What is this library?

This sub-project is part of the larger project Coq-Kruskal described here: https://github.com/DmxLarchey/Coq-Kruskal.

Short Description

This library Kruskal-Veldman is an extension of Kruskal-AlmostFull and Kruskal-Higman libraries. It contains a detailed constructive/inductive account of Wim Veldman's intuitionistic proofs of a variant of Kruskal's tree theorems [1]. Actually the result is a mixture of Higman's and Kruskal's theorems.

From this result, one can easily derive, via simple surjective relational morphisms, various forms of Higman's and Kruskal's tree theorems, adapted to the actual implementation of rose trees using either lists, or vectors etc. This tasks is devoted to the project Kruskal-Theorems.

[1] An intuitionistic proof of Kruskal's theorem, Wim Veldman, 2004

Target audience

This library is not intended for direct usage, but it is possible to do so. Rather, Kruskal-Theorems contains the high-level theorems that are intended to be used directly.

On the other hand, Kruskal-Veldman, in addition of being an intermediate step, was specifically designed to be read/studied by those readers who wish to understand the internal details of this difficult proof. It comes from a major refactoring effort of a former monolithic Coq proof of the theorem, a project that has been since split into several sub-libraries, initiated after some requests have been formulated to access parts of that project specifically. Here is the current split:

Usage

To use it directly or via Kruskal-Theorems, it can be installed via opam after importing the coq-opam/released package:

opam repo add coq-released https://coq.inria.fr/opam/released
opam update
opam install coq-kruskal-veldman

Notice that, as with Kruskal-AlmostFull (and Kruskal-Higman btw), the library comes in Prop-bounded and Type-bounded flavors, both generated with the very same code base. To access eg. the Prop-bounded version in Coq source code, one should import via:

From KruskalTrees Require Import idx vec vtree.
From KruskalAfProp Require Import almostfull.
From KruskalVeldmanProp Require Import vtree_embed veldman_theorem.

When the intention is to review the code base of Kruskal-Veldman with the help of an IDE for the Coq proof assistant, the procedure is a bit different. Then it is advised to download the current code base, either via the latest release, or cloning the main branch here, and unpacking it in say the Kruskal-Veldman directory.

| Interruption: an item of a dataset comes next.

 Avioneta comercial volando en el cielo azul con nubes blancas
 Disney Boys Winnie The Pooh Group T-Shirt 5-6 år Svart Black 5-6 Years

git clone https://github.com/DmxLarchey/Kruskal-Veldman.git
cd Kruskal-Veldman

Then one should install the dependencies via:

opam install . --deps-only

and then compile the eg. Type-bounded version of the library with:

make type

while the Prop-bounded version could be obtained via make prop. Notice that only one can be compiled in a given directory because the code base in the same, except from one selector file base/base_implem.v which is copied either from implem/prop.v or implem/type.v depending on make prop or make type.

Then one can review the code base with say CoqIDE or vscoq. But see below for a detailed introduction on the proof implemented here.

What is the main result

The main result established here in veldman_theorem.v can be stated as follows:

Variables (A : Type) (k : nat) (X : nat → rel₁ A) (R : nat → rel₂ A).

Inductive vtree_upto_embed : vtree A → vtree A → Prop :=
  | vtree_upto_embed_subt t m y (w : vec _ m) i : t ≤ₖ w⦃i⦄ → t ≤ₖ ⟨y|w⟩
  | vtree_upto_embed_lt n x (v : vec _ n) y w : n < k → R n x y → vec_fall2 (⋅ ≤ₖ ⋅) v w → ⟨x|v⟩ ≤ₖ ⟨y|w⟩
  | vtree_upto_embed_ge n x (v : vec _ n) m y (w : vec _ m) : k ≤ n → R k x y → vec_embed (⋅ ≤ₖ ⋅) v w → ⟨x|v⟩ ≤ₖ ⟨y|w⟩
where "s ≤ₖ t" := (vtree_upto_embed s t).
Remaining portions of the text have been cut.